Hands are normally areas of high information content, second only to faces, I suppose. But the michievous hands of the pickpockets are low in the frame, one is in shadow, and both are subordinated not only to the faces but also to the more expressive hands just above: one on a hip, two gesturing around the coin.

It’s as if there are three layers: the heads, the hands executing the business transaction, and the hands underneath doing the real business. The third level harbors something still more covert. Only on several passes did I notice that the second, profiled woman on the left has her hand ready to receive the purse from the woman lifting it.

There’s a lot else to admire here, not least the way that the two women on the left seem to merge into one two-headed pickpocket, thanks to the shared contours, their orange vests, and the angle of the first woman’s arm.

I wish Tim or someone would try eye-scanning on this picture. In what order do viewers sample the layout? Do some viewers never look below and realize what’s going on?

In any case, my example shows the importance of top-down thinking. Recently preoccupied with eyes (in The Social Network) and visual scanning, I’d naturally be drawn to this image. I wouldn’t even care if it was the fake it’s sometimes claimed to be. But even that speculation involves top-down conceptual testing! If we entertain the prospect that The Fortune Teller was painted in the 1920s, then we might be inclined to see its cunning misdirection, and perhaps even the “cubistic” merger of the two women on the left, as influenced by modern art’s spatial ambiguities.

Bottom-up and top-down perception work smoothly together. The eye is sensitive to both stimuli and stored concepts; it’s driven by the environment and by the brain. The interplay of the two should fascinate anyone interested in cinema, which is at least partly a visual art.

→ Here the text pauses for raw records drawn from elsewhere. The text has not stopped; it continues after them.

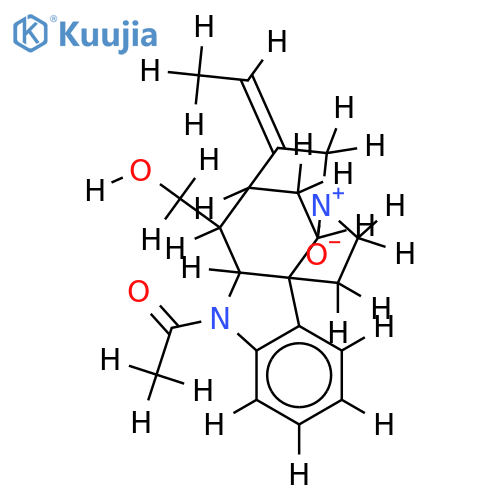 (7-acetyl-12-ethylidene-3-oxy-1,2,3a,4,5,6,6a,7-octahydro-3,5-ethano-pyrrolo[2,3-d]carbazol-6-yl)-methanol structure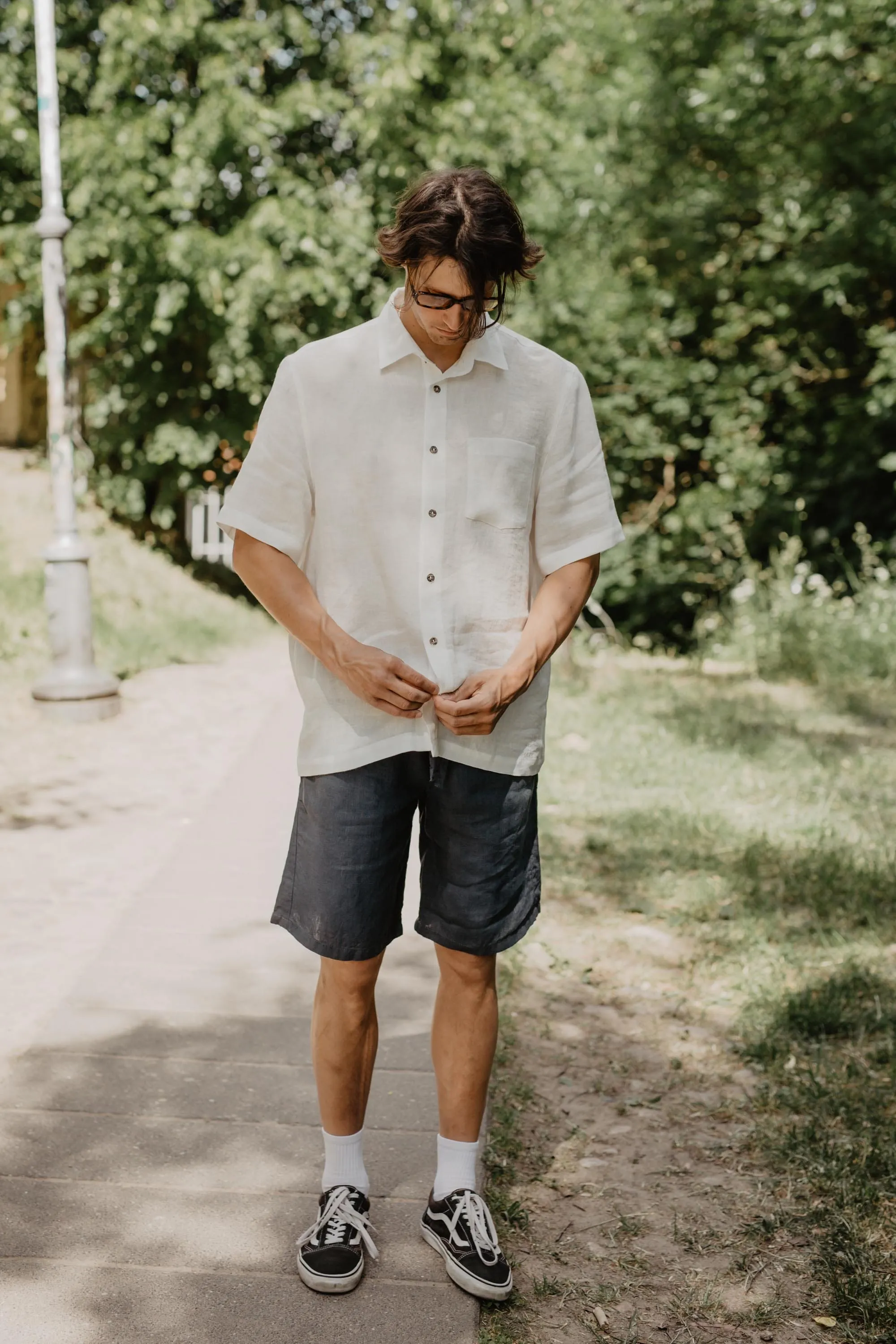 Magnus Men's Linen Oversized Shirt | Multiple Colours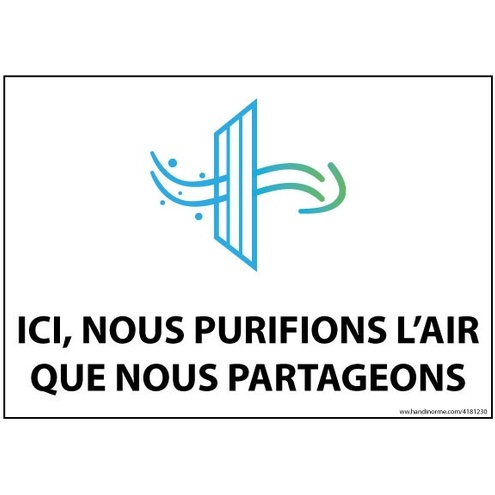 Autocollant - Ici, nous purifions l'air que nous partageons
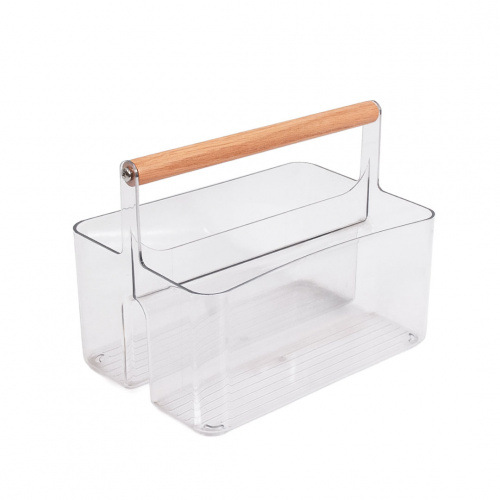 Interdesign Divided Tote with Handle Clear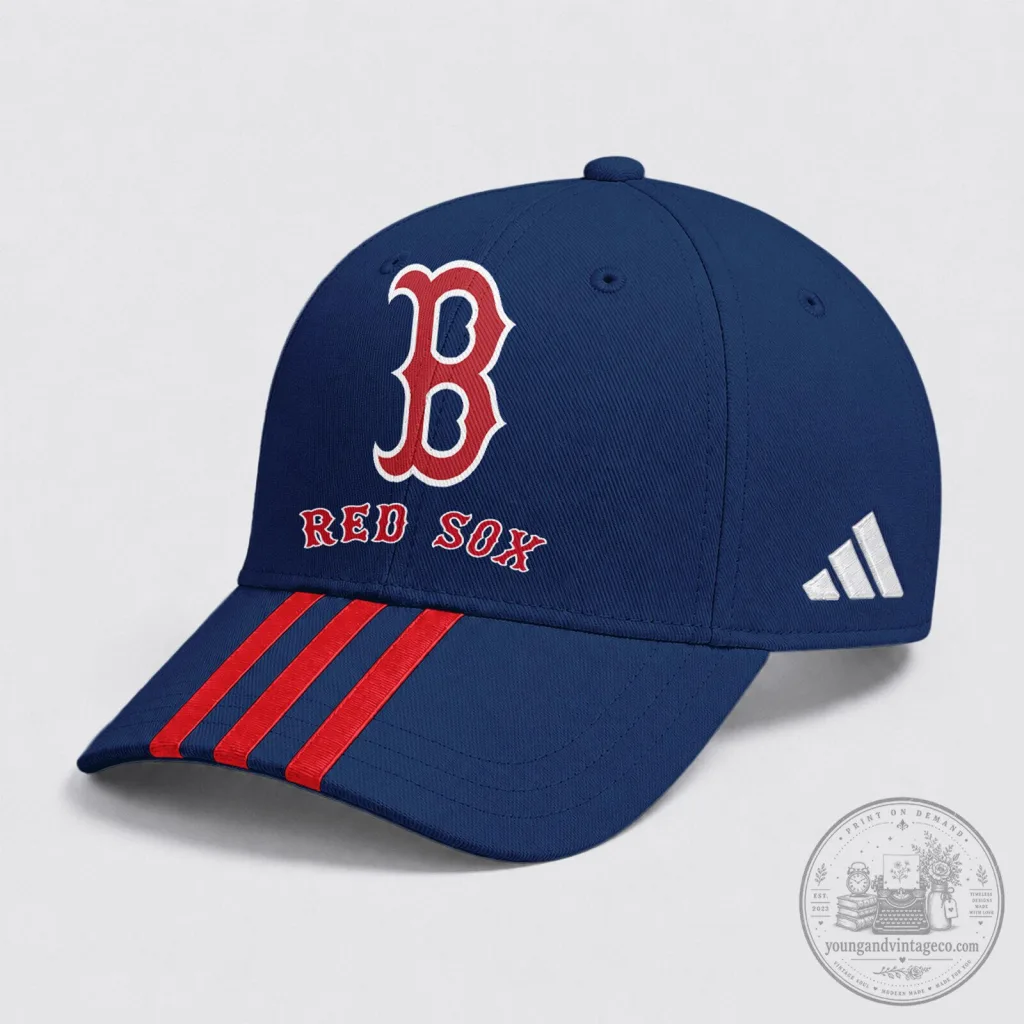 Boston Red Sox Baseball Fan Cap Hat With Red Stripes 13 Boston Red Sox Baseball Fan Cap Hat With Red Stripes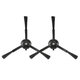 Seitenbürste, 2 Stk., Schwarz für Roborock Qrevo MaxV, Pro, Plus, S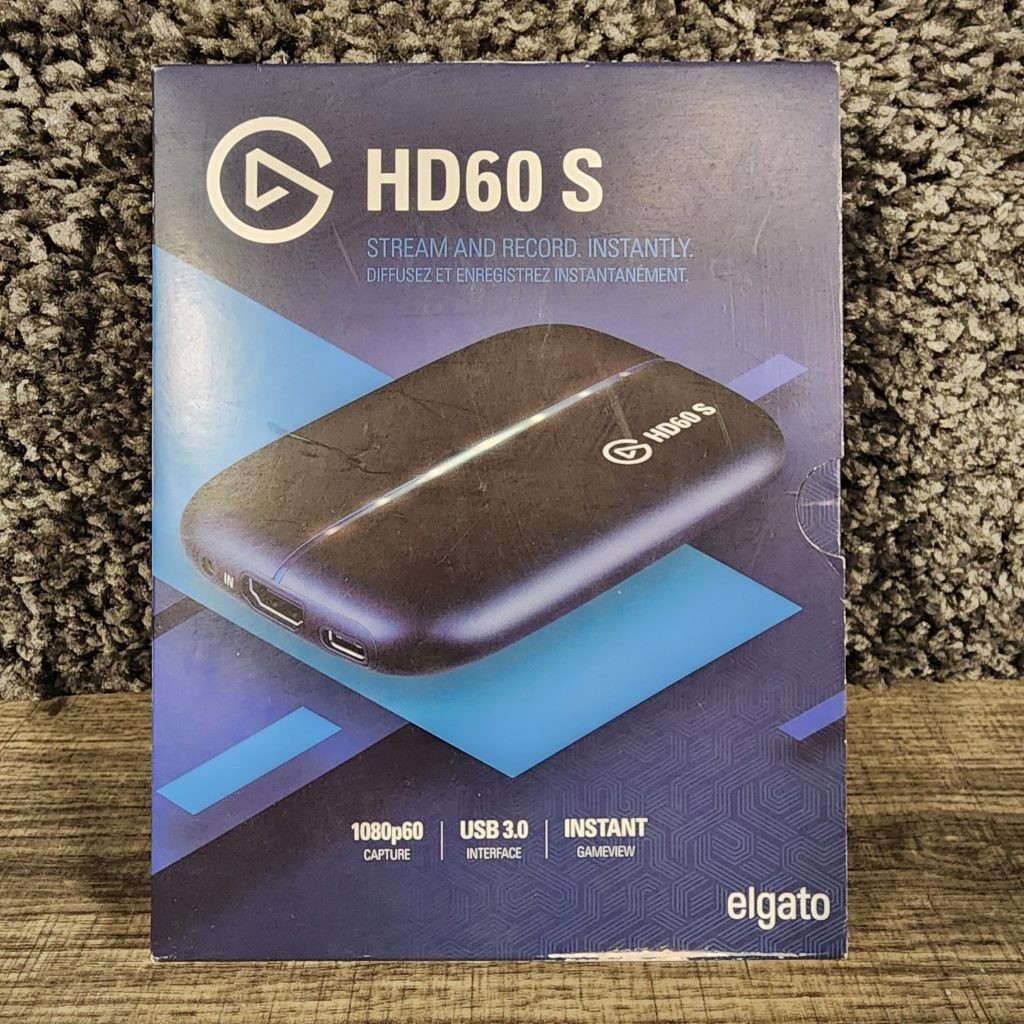 Elgato Game Capture HD60 S Stream and Record 1080p60 USB 3.0 HDMI Black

PS 1 March: Tim Smith, our guest blogger last month, writes to remind me that the book I discussed in an earlier post, Land and Tatler’s Looking and Acting, makes reference to another famous de La Tour painting, The Cheat, and an eyescan study of it by Iain Gilchrist. The zigzag pattern of fixations suggests that people did indeed start with the faces of the players before discovering the cheating that’s going on. Eyescans of the painting are analyzed in John M. Findlay and Iain Gilchrist’s Active Vision: The Psychology of Looking and Seeing. Gilchrist discusses the painting in a fascinating illustrated lecture.

Some readers of my entry above have wondered if eyescan experiments could study how magicians misdirect us. Tim recommends Gustav Kuhn’s work on this problem, to which I can add this article: Peter Lamont, John M. Henderson, and Tim J. Smith, “Where Science and Magic Meet: The Illusion of a ‘Science of Magic,'” Review of General Psychology 14, 10 (2010), 16-21.